Ich nehme Bilder vom „Gefüge“ (Nicolai Hartmann), vom „Rhizom“ (Gilles Deleuze, Felix Guattari) vom „Mycel“ auf, und den Gedanken des „gleitenden Signifikanten“ und der „Durchstreichung“ (Kirche ist Kirche) (Jacques Derrida), die mir allesamt sowohl in meiner pfarramtlichen als auch in meiner organisationalen Tätigkeit geholfen haben – und die, das war meine verblüffende Entdeckung - nur auf den ersten Blick nicht „biblisch“ sind. Es gab in der Tradition der Christenheit immer schon die andere Spur, die Spur der Verflüssigung, der Diversität und der Ungleichzeitigkeit. Diese Begriffe sind mir wertvolle Werkzeuge geworden, die sich im praktischen Gebrauch bewährt haben, weil sie mir halfen, nicht ein einfache Duale oder lineare Denkfiguren zu verfallen, ohne in der Technizität der Systemtheorie steckenzubleiben. Es sind "organische Metaphern", die, was für eine protestantische Theologie ja von Bedeutung ist, durchaus biblisch fundiert sind, wie sich zeigen wird. Die Aufgabe lautet, den technikbasierten Prozess der Digitalisierung mit organischen, wachstums- und wucherungsorientieren, Begriffen zu erfassen, der das spezifische Element der Unsteuerbarkeit, die digitalen Prozessen eigen ist, vor allem, wenn sie sich überlagen, zum Vorschein bringt. Und damit eine Falte, eine Ritze, einen Spalt öffnet, in dem "Anderes" sichtbar wird. Mal ganz provokant gesagt: Wo ist Gott in der Technik? Die Frage ist ja schon für die "Natur" nicht einfach zu beantworten. 
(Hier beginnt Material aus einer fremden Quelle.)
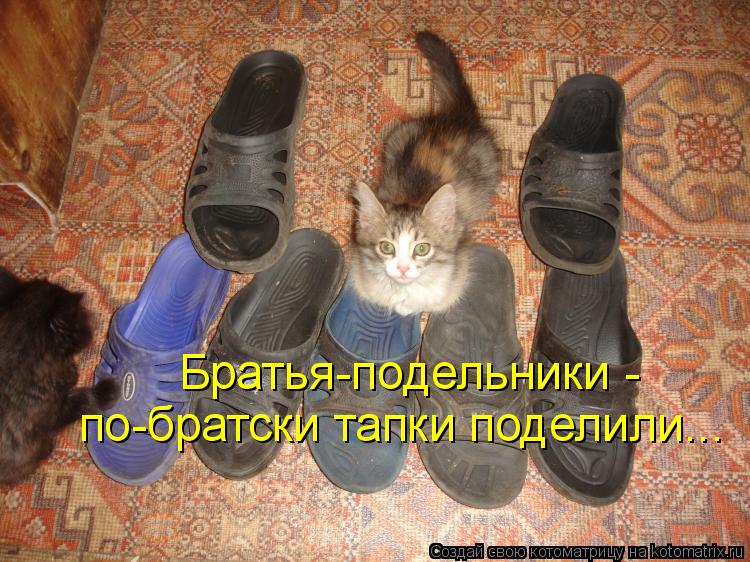 Котоматрица: Братья-подельники - по-братски тапки поделили...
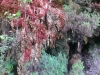 IMAG0501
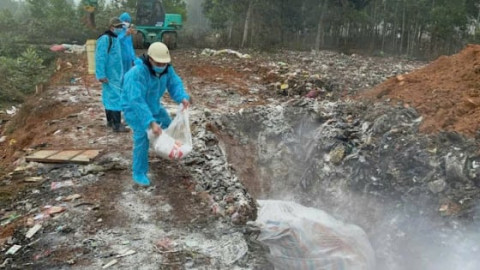 Thanh Hóa: Gần 3.000 hộ dân thiệt hại vì dịch tả lợn châu Phi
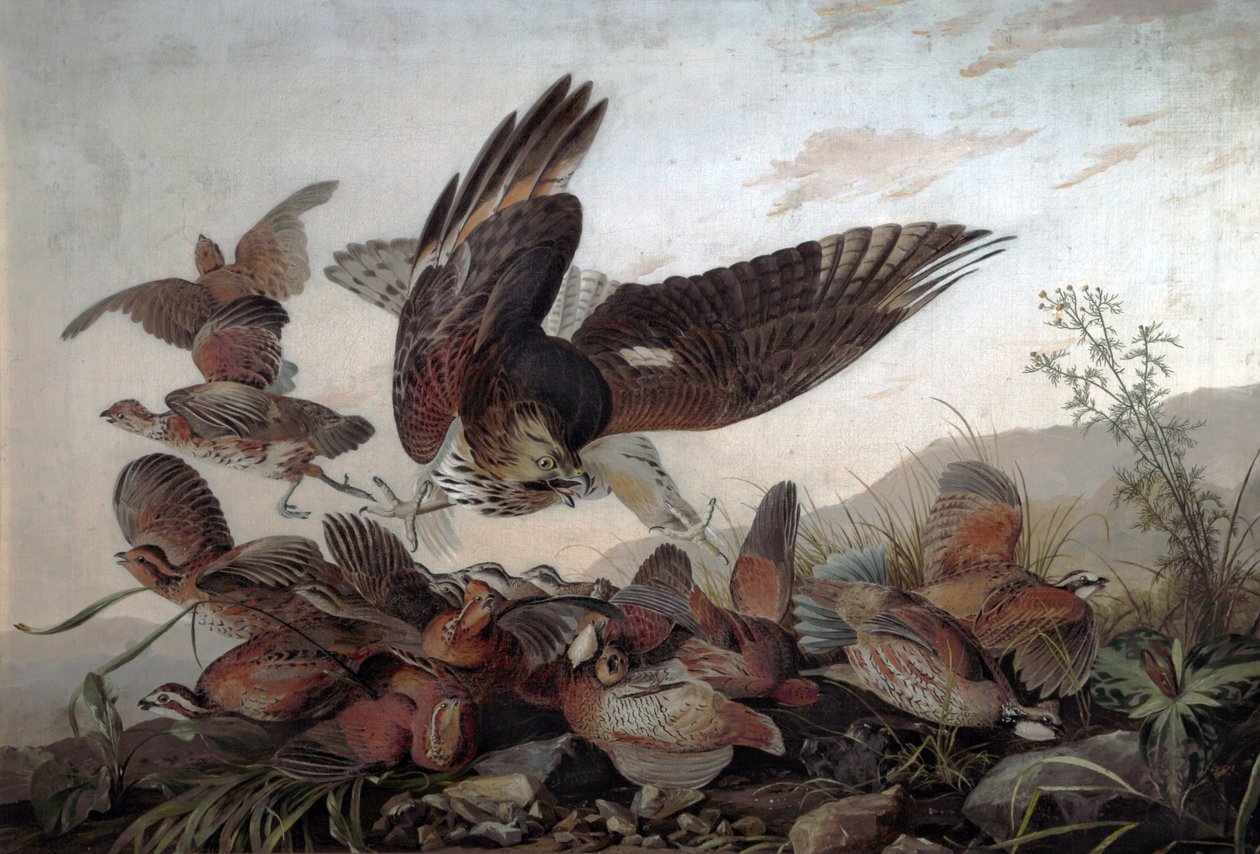 Falchi che attaccano pernici, 1826 da John James Audubon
Dass ich hierbei gelegentlich ins Stammeln geraten kann oder die Rede kryptisch wirkt, ist für mich  erst einmal kein Manko, sondern zeigt die Aufgabe an: Komplexität eben nicht zu reduzieren, sondern sichtbar zu machen, zu halten und kommunizierbar zu machen. Das radikal Andere und Neue kann nur in der alten Sprache so ausgedrückt werden, dass durch ihre Risse, ihre „Durchstreichung“ etwas hörbar wird, was dann tatsächlich unsichtbar ist, aber nicht bloß virtuell. An die Stelle von „Regierung“ treten dann Konsultation, Begleitung, mutuum colloquium, Spiel und Scheitern, Ermöglichung und Begrenzung, in denen auch der alte Dual von Revolution und Evolution hinfällig wird und das alte Wort „Reformation“ vielleicht noch einmal eine neue Valenz bekommt: das, was immer schon geschehen ist, wenn wir es benennen und immer schon geschieht, wenn wir nicht darauf starren: Ein poetischer Prozess, der gegenwärtig werden lässt, was sich zugleich entzieht. Kirche "verschwindet" ja nicht. Aber unsere Wahrnehmung von Präsenz ändert sich unter der digitalen Transformation: sie gerät ins Gleiten. Ist es nicht das, was die traditionelle Theologie gerade in der Reflektion der Sakramente zu erfassen sucht: prekäre Präsenz? Die Digitalisierung stellt auch hier ganz neue Fragen, wie die einschlägigen Diskussionen um das "digitale Abendmahl" doch sehr deutlich zeigten. 
Digitalisierung ist auch der Kirche nicht Äußerlich und "bloß akzidentiell".